WHAT IS REQUIRED
Can you quote, word for word, every line from the first line of the records below through the line containing "Tom Ford Silver", and nothing else?

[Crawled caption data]
______________________________
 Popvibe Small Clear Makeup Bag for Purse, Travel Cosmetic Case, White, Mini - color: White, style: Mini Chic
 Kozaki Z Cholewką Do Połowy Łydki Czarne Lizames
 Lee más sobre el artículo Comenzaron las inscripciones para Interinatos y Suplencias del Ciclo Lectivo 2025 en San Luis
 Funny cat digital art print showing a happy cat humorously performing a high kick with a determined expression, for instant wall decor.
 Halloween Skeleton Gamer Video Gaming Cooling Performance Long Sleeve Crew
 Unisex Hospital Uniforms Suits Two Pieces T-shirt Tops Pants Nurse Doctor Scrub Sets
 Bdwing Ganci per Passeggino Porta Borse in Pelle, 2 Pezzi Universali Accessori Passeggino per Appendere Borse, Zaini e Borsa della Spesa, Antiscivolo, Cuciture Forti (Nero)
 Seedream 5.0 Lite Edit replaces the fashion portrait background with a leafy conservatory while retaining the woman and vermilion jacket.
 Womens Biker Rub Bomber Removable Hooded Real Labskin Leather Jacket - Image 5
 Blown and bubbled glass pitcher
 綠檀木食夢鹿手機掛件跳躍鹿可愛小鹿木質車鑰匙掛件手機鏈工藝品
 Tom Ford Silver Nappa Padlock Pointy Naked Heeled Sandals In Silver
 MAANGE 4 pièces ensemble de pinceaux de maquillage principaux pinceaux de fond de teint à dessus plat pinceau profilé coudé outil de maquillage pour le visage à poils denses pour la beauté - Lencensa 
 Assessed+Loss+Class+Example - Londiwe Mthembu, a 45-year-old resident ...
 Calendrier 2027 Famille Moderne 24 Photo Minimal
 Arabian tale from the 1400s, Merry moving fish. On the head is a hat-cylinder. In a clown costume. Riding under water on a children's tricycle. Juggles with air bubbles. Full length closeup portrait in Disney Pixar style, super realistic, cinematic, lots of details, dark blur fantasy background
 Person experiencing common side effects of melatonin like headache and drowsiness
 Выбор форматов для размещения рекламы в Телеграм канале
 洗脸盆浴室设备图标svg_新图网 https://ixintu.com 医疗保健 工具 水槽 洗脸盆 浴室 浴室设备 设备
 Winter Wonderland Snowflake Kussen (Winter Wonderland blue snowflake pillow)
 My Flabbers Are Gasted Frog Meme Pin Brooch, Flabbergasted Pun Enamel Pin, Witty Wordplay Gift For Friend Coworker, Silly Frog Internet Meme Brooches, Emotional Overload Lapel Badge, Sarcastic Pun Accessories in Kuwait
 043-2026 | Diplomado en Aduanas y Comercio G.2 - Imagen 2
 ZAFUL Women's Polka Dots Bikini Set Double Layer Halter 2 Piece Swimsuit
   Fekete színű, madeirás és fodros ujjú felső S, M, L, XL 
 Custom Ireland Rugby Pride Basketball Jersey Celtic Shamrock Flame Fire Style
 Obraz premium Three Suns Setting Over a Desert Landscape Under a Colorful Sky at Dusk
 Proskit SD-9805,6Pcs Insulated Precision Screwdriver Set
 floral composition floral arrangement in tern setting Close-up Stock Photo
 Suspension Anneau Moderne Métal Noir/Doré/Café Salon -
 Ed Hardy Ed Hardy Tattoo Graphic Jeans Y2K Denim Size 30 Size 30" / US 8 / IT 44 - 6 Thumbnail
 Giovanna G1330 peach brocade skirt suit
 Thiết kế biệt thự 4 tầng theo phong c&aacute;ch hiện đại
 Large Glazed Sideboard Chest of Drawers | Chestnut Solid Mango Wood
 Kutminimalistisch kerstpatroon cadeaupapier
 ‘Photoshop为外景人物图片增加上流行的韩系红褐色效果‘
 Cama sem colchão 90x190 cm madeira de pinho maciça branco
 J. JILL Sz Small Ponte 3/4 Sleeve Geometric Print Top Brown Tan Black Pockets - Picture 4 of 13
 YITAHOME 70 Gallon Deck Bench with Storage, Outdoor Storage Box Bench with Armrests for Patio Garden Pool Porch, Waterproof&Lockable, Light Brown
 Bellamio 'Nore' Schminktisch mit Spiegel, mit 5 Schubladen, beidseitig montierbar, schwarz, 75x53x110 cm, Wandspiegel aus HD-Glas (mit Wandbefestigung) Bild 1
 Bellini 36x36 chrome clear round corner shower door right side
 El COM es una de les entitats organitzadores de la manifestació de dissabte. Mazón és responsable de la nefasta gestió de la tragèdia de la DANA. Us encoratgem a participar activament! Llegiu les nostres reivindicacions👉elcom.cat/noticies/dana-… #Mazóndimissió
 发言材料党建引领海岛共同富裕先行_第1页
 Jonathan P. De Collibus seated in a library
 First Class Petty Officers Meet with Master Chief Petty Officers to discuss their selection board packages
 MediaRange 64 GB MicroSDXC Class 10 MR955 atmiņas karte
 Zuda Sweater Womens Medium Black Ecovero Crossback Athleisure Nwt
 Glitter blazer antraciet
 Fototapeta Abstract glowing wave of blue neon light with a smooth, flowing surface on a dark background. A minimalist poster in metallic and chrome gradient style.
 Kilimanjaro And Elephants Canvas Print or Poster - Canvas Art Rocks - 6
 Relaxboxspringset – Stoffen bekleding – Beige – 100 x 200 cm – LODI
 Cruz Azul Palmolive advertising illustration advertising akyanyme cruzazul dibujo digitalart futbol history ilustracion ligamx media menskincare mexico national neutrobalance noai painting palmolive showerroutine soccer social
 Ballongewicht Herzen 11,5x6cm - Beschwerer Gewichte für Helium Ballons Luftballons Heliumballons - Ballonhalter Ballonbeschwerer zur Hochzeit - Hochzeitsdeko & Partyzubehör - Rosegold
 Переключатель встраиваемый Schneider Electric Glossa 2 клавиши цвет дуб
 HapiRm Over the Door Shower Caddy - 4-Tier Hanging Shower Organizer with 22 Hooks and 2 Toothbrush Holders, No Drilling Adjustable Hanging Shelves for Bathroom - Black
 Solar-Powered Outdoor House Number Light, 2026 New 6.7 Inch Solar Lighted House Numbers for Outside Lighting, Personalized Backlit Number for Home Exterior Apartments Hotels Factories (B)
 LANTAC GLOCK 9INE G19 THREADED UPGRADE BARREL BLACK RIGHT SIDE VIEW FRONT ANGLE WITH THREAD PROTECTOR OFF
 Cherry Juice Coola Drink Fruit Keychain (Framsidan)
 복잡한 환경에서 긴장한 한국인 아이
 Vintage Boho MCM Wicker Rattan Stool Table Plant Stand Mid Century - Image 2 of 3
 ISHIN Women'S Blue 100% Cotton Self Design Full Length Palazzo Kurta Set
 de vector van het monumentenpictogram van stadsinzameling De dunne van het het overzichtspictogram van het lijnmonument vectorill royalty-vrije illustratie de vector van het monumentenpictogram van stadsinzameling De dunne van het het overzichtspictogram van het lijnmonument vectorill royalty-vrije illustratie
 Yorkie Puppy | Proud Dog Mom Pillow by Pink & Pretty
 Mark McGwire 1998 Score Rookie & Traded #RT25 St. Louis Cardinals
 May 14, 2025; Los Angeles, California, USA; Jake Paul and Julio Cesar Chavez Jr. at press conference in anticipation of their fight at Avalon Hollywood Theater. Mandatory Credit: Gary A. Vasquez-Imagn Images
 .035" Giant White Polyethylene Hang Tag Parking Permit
______________________________
SOLUTION FOR THIS PROBLEM
 Popvibe Small Clear Makeup Bag for Purse, Travel Cosmetic Case, White, Mini - color: White, style: Mini Chic
 Kozaki Z Cholewką Do Połowy Łydki Czarne Lizames
 Lee más sobre el artículo Comenzaron las inscripciones para Interinatos y Suplencias del Ciclo Lectivo 2025 en San Luis
 Funny cat digital art print showing a happy cat humorously performing a high kick with a determined expression, for instant wall decor.
 Halloween Skeleton Gamer Video Gaming Cooling Performance Long Sleeve Crew
 Unisex Hospital Uniforms Suits Two Pieces T-shirt Tops Pants Nurse Doctor Scrub Sets
 Bdwing Ganci per Passeggino Porta Borse in Pelle, 2 Pezzi Universali Accessori Passeggino per Appendere Borse, Zaini e Borsa della Spesa, Antiscivolo, Cuciture Forti (Nero)
 Seedream 5.0 Lite Edit replaces the fashion portrait background with a leafy conservatory while retaining the woman and vermilion jacket.
 Womens Biker Rub Bomber Removable Hooded Real Labskin Leather Jacket - Image 5
 Blown and bubbled glass pitcher
 綠檀木食夢鹿手機掛件跳躍鹿可愛小鹿木質車鑰匙掛件手機鏈工藝品
 Tom Ford Silver Nappa Padlock Pointy Naked Heeled Sandals In Silver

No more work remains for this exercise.